Prof. Dr. Ersan Şen

Av. Beyza Başer Berkün

Terörle Mücadele Kanunu m.17/2 ve 5275 sayılı Ceza İnfaz Kanunu m.48/2 Çerçevesinde Terör Suçundan Hükümlünün Üç Kez Hücre Cezası Alması Sebebiyle Koşullu Salıverilme Yasağı

Cezaların infazında koşullu salıverilme yasağı öngören hallerden bir kısmı, 3713 sayılı Terörle Mücadele Kanunu m.17/2’de düzenlenmiştir. Bu hükme göre; “Tutuklu veya hükümlü iken firar veya ayaklanma suçundan mahkum edilmiş bulunanlar ile disiplin cezası olarak üç defa hücre hapsi cezası almış olanlar, bu disiplin cezaları kaldırılmış olsa bile şartla salıverilmeden yararlanamazlar”. Elbette bu hükmün tatbiki için; hükümlünün, 3713 sayılı Kanun kapsamına giren bir suçtan mahkumiyeti bulunması gerekir. 5275 sayılı Ceza ve Güvenlik Tedbirlerinin İnfazı Hakkında Kanun’da, sadece disiplin cezasına bağlı olarak bu şekilde bir koşullu salıverilme yasağı öngörülmemiştir. 5275 sayılı Ceza İnfaz Kanununda koşullu salıverilme için aranan “iyi halli olma” şartı yönünden dikkate alınan hükümlünün disiplin cezası olmaması veya daha evvel verilen cezaların kaldırılmasından farklı olarak; 3713 sayılı Kanun m.17/2’de, bu Kanun kapsamına giren suçlardan mahkum olan hükümlülerin disiplin cezası olarak üç defa hücre hapsi cezası almaları halinde, bu disiplin cezaları kaldırılsa bile koşullu salıverilmeden yararlanamayacakları düzenlenmiştir.
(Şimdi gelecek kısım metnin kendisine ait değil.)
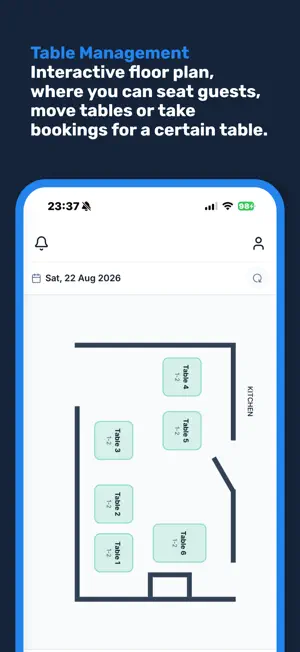The Book-in Hub screenshot 3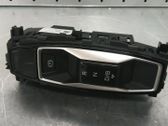 Gear shifter/selector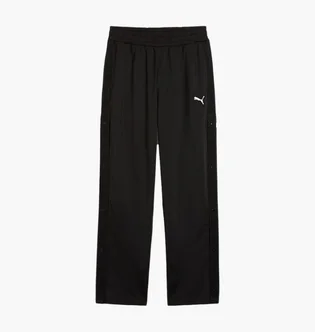 Штани дитячі Puma Wardrobe Ess Relaxed Black 629897-01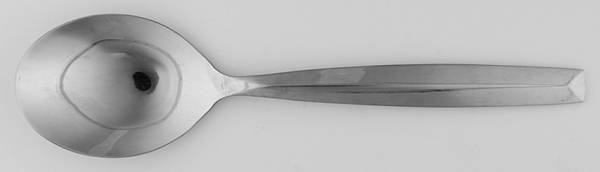 Crystalis (Stainless) Tablespoon (Serving Spoon)
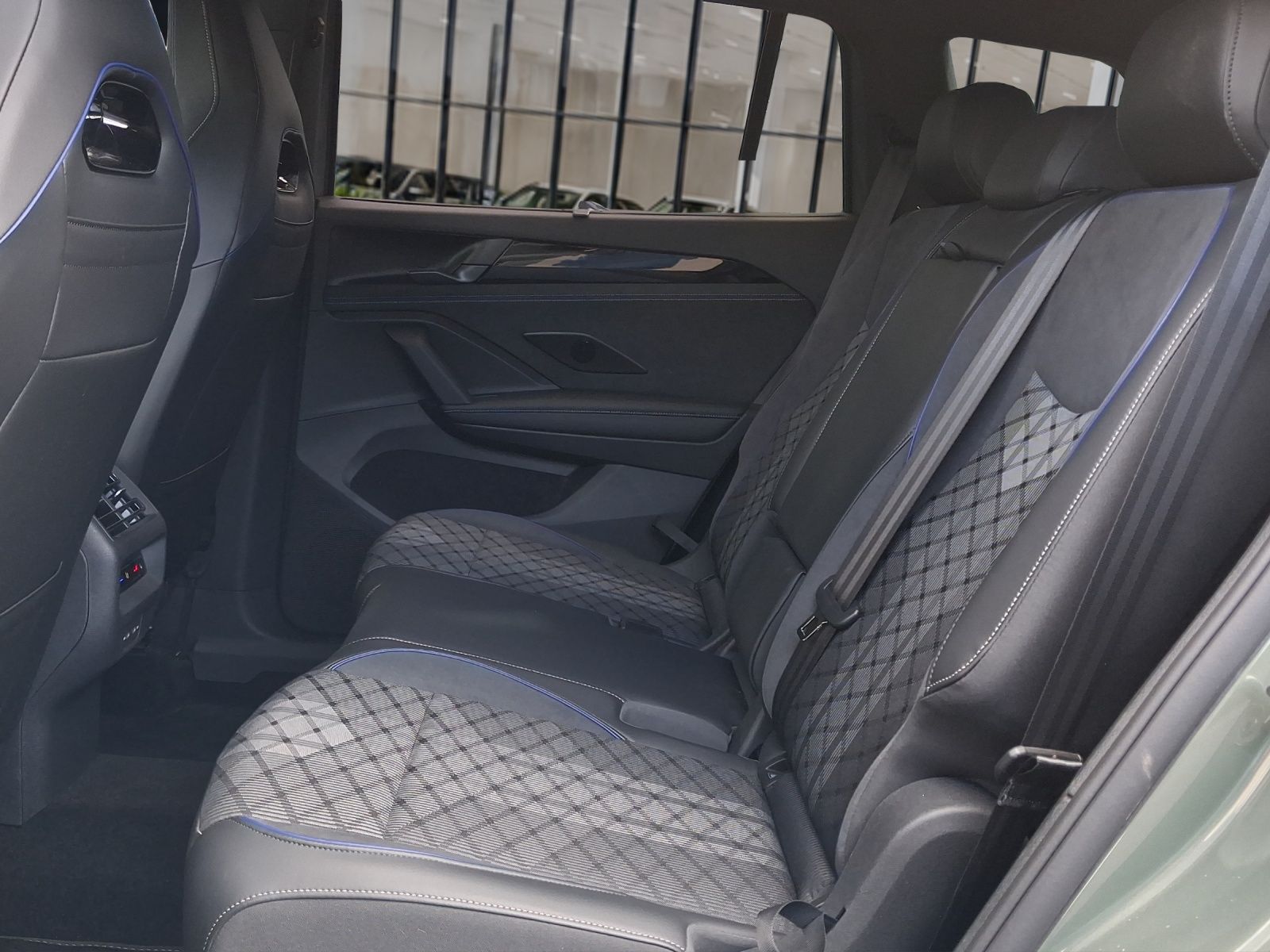 Volkswagen Tayron - Bild 7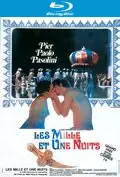 Les Mille et une nuits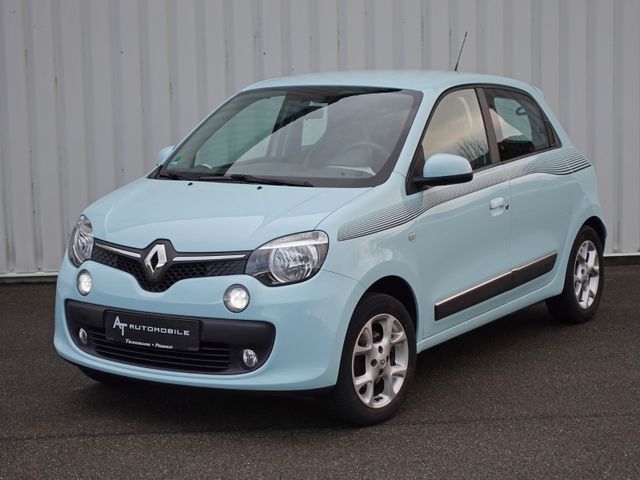 Renault Twingo Intens / 1-HAND / SITZHEIZUNG / 8X ALU /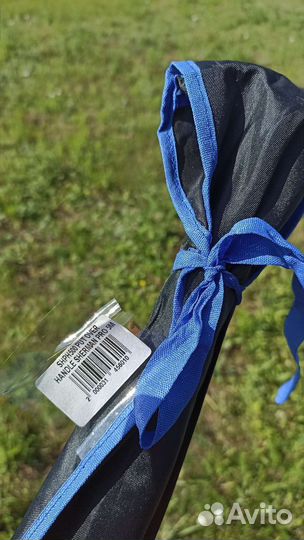 Ручка для подсачека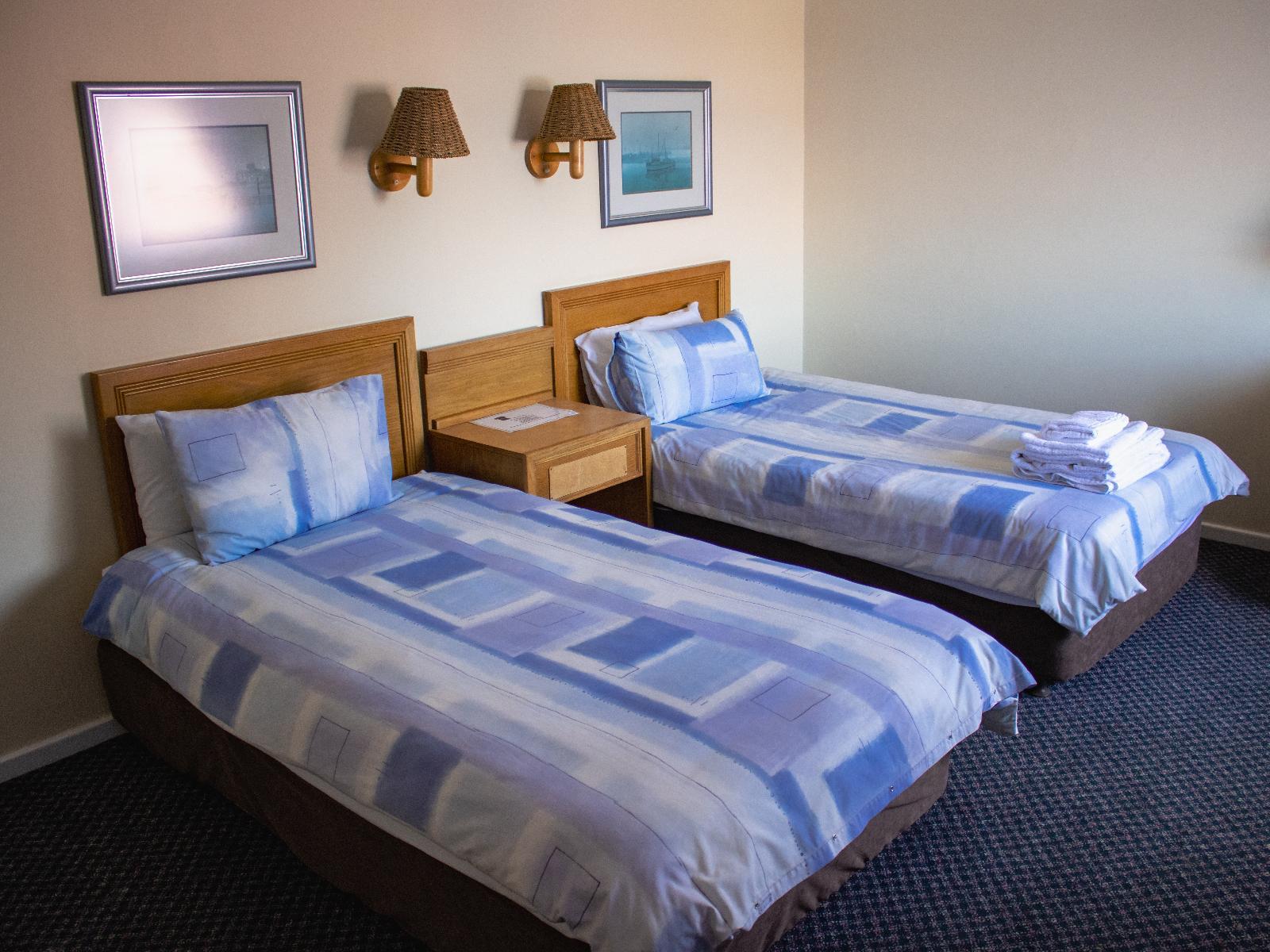 Lamberts Bay Hotel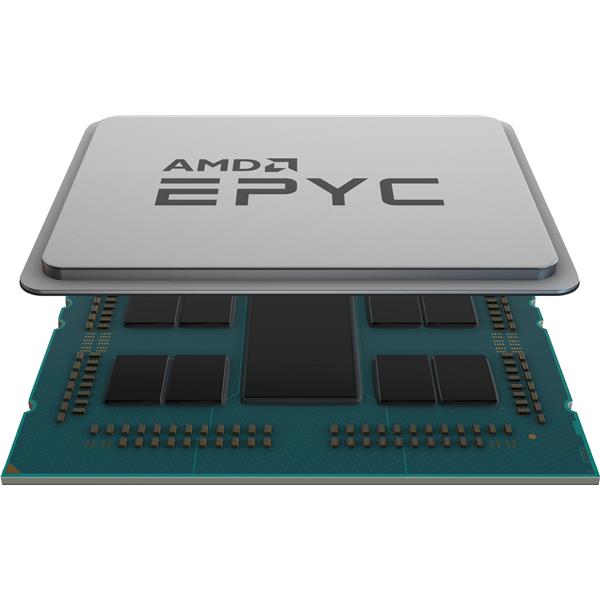 HPE AMD EPYC 9355P 3.55GHz 32-core 280W Processor …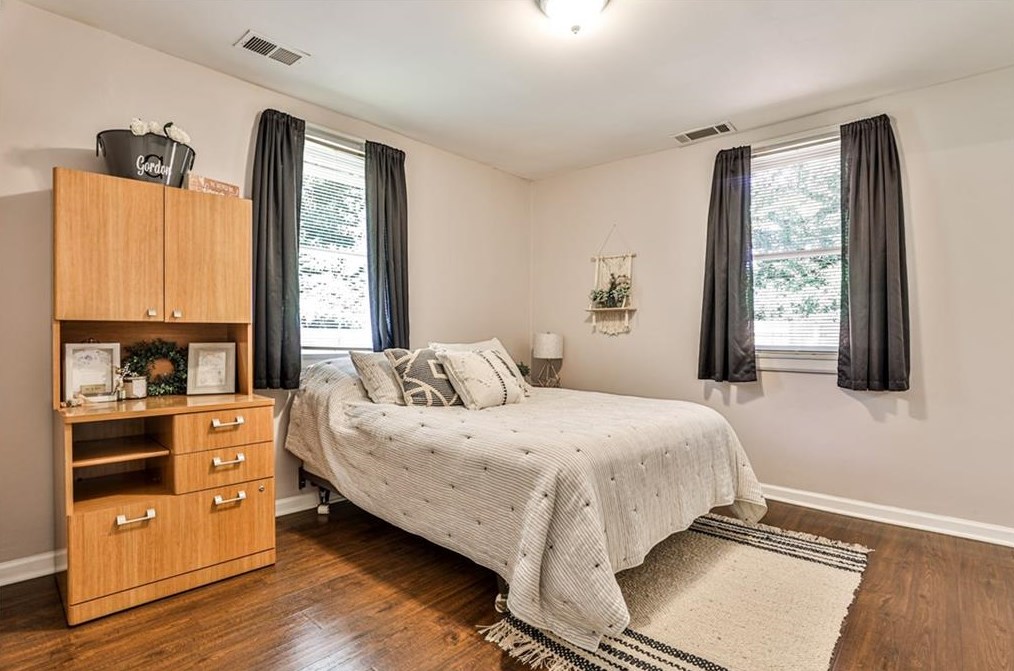 3401 Midway Rd, Decatur GA  30032-2514 exterior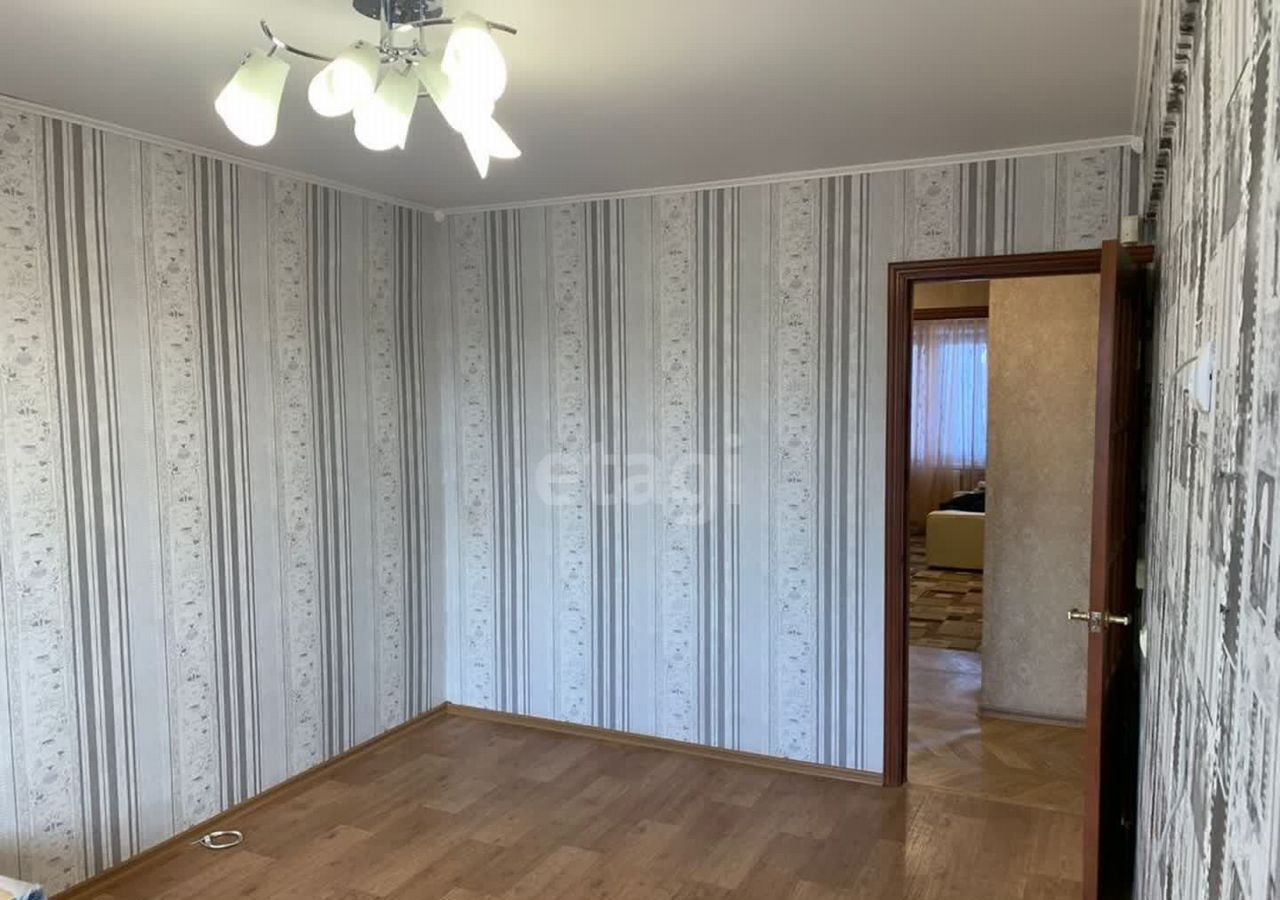 квартира г Ачинск ул Кирова 54 фото 9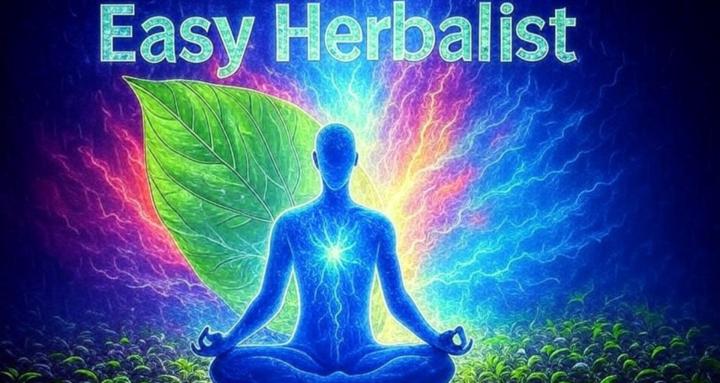 Easy Herbalist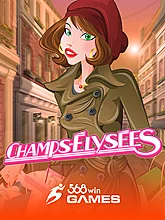 Champs-Élysées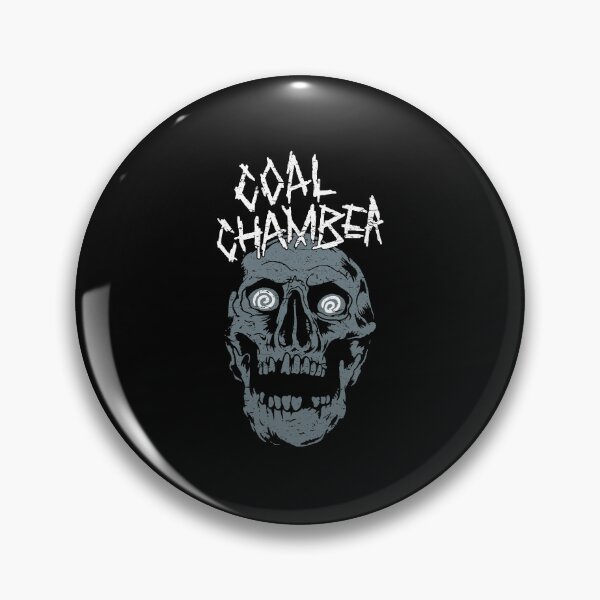 Item preview, COAL CHAMBER BAND designed and sold by TerenceNitzsche.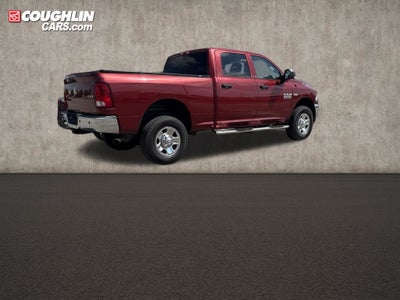 2014 RAM 2500 Tradesman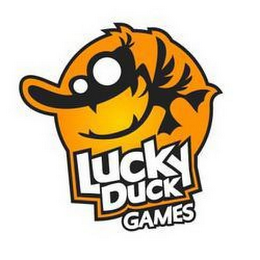 LUCKY DUCK GAMES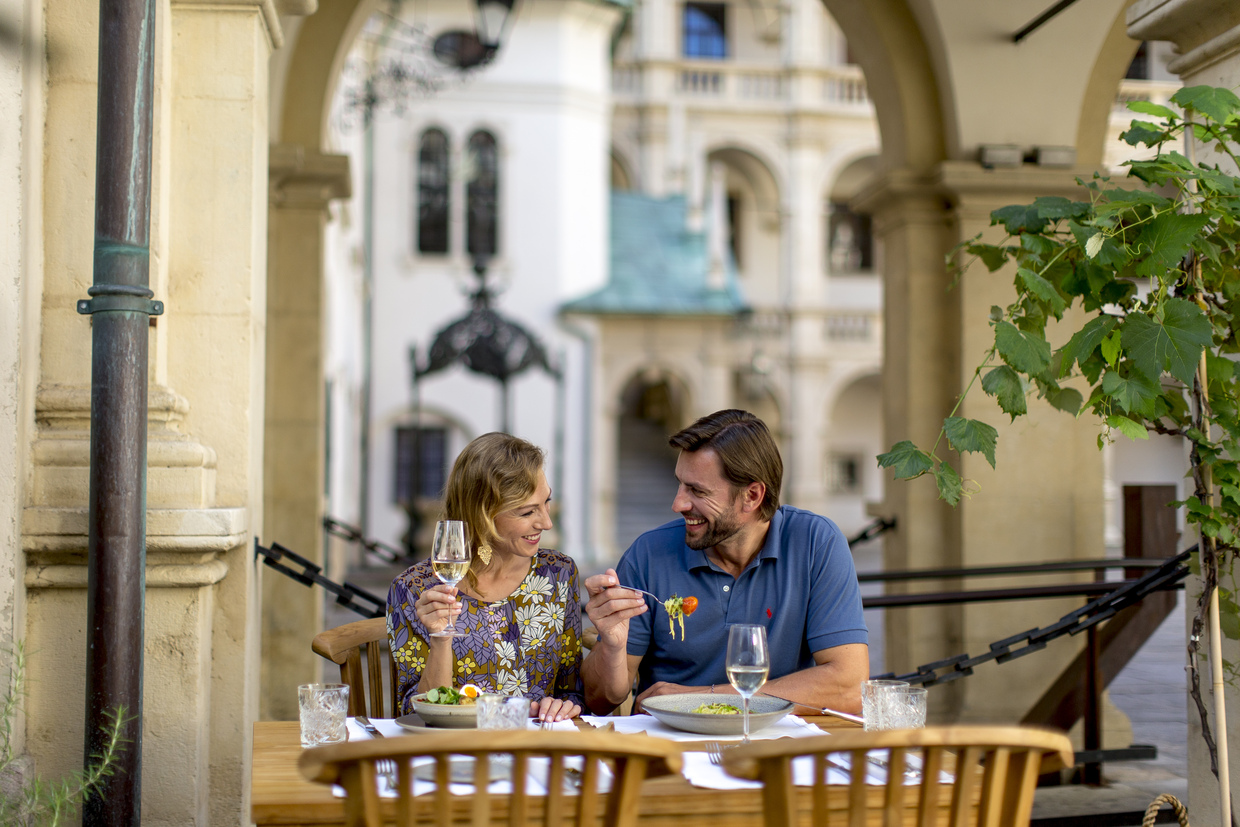 Graz – grad užitaka, dizajna i nevjerojatnih priča!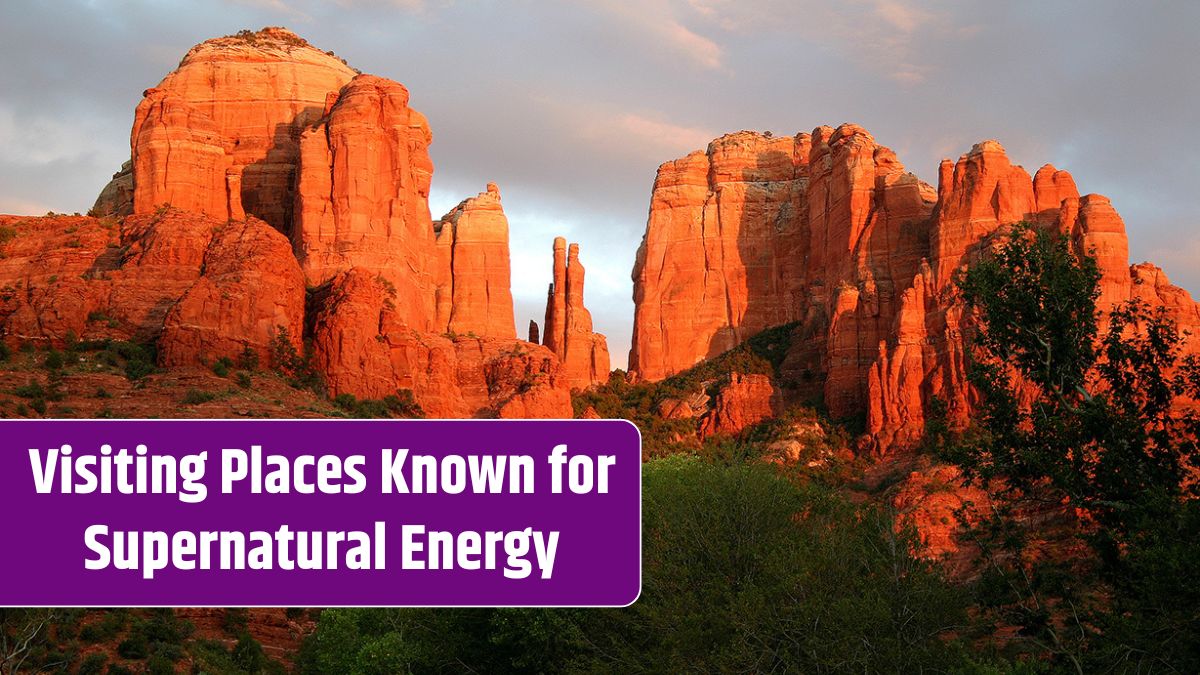 Sedona – USA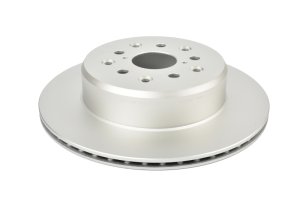 Toyota Supra Brake Rotor (1) - Rear - DBA - En-Shield Standard - `93-`02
Burada sorun; 3713 sayılı Kanun kapsamında cezasını infaz eden hükümlünün üç kez hücreye koyma hapis cezası aldığı, ancak bu cezalardan birisinin doğrudan verilen hücre cezası olmadığı, 5275 sayılı Ceza İnfaz Kanunu m.48/2 uyarınca maddede belirtilen süreler içerisinde tekrar eden fiilleri sebebiyle “bir üst ceza” olarak hücreye koyma cezası olduğu durumda, hükümlünün son işlediği fiilin doğrudan hücre cezasını gerektirmemesi, ancak bir üst ceza olarak hücre cezası uygulanması sebebiyle 3713 sayılı Kanun m.17/2’nin tatbiki ile koşullu salıverilmesinin mümkün olmadığı sonucuna varılıp varılamayacağıdır.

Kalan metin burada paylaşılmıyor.